From: Aaron Wood <woody77_at_gmail.com>
Date: 2005-08-31 23:41:22 CEST

On 8/31/05, John Peacock <jpeacock@rowman.com> wrote:
> You misunderstand. I'm saying _all_ normal server hardware clocks,
> regardless of whether the machine is synced via NTP or some other
> superior method (like taiclock), lack the accuracy to justify the amount
> of precision allocated. The crystals used in conventional computer
> hardware just aren't all that accurate. And depending on your O/S, your
> clock could use skew or step to adjust time with an external source,
> which adds additional noise to the timestamp.

The timestamps are all set on the server, correct?

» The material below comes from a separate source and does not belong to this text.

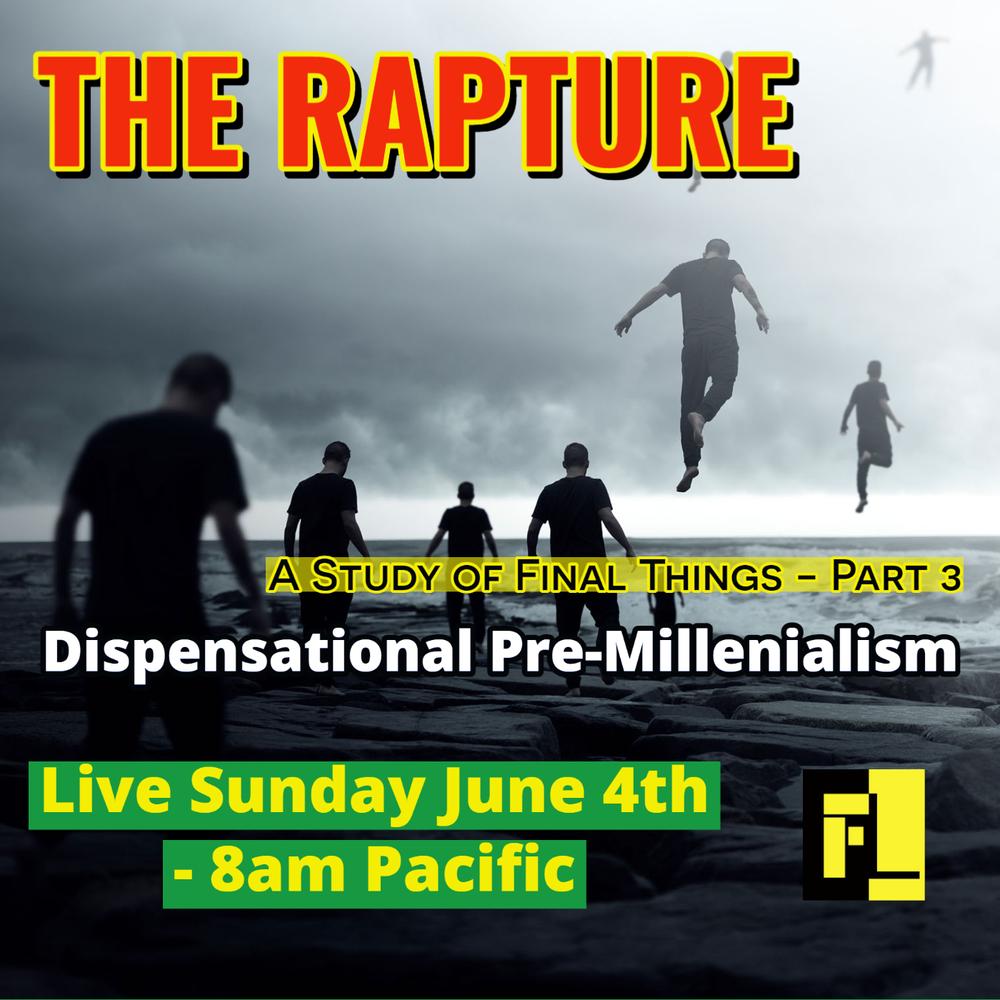 44 – End times  – Dispensationalism – 4 Christian views of the end (part 3)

If so, then on unix, (If I understand 'nix time engines correctly)
later is always later, so while the timestamp may contain a fictional
level of accuracy, it's still precise for what it needs to be (later
is actually later). On windows, you can actually get some really ugly
time movements as it doesn't have "time-warping" ability that I
beleive all 'nix variants use to keep time flowing smoothly.

So, while the bottom bits of the timestamp are roughly irrevelant
noise, the 64-bit timestamp allows for an easy to manipulate timestamp
for comparison purpose. At least easier than intermediate sizes like
48 bits.

I'm not an expert on how the system works, but from this thread, it
appears that it's using a standard 64-bit time format. Which if so,
makes a lot of sense, even if the low bits appear to be noise. The
higher order bits still ensure that the comparisons make sense.
Simply masking out the lower bits also implies some knowledge of when
the accuracy of the clock is to be suspect, and opens up the problem
that in 5 years, we DO have clocks that are an order magnitude more
accurate, and we end up with resoution problems caused by faster
hardware being able to do multiple commits per ms.

We're not far from that now, where my previous desktop was easily able
to do ~10ms commits on a harddisk. Add in a RAID array that has a
battery-backed cache, and commits become VERY fast for some systems.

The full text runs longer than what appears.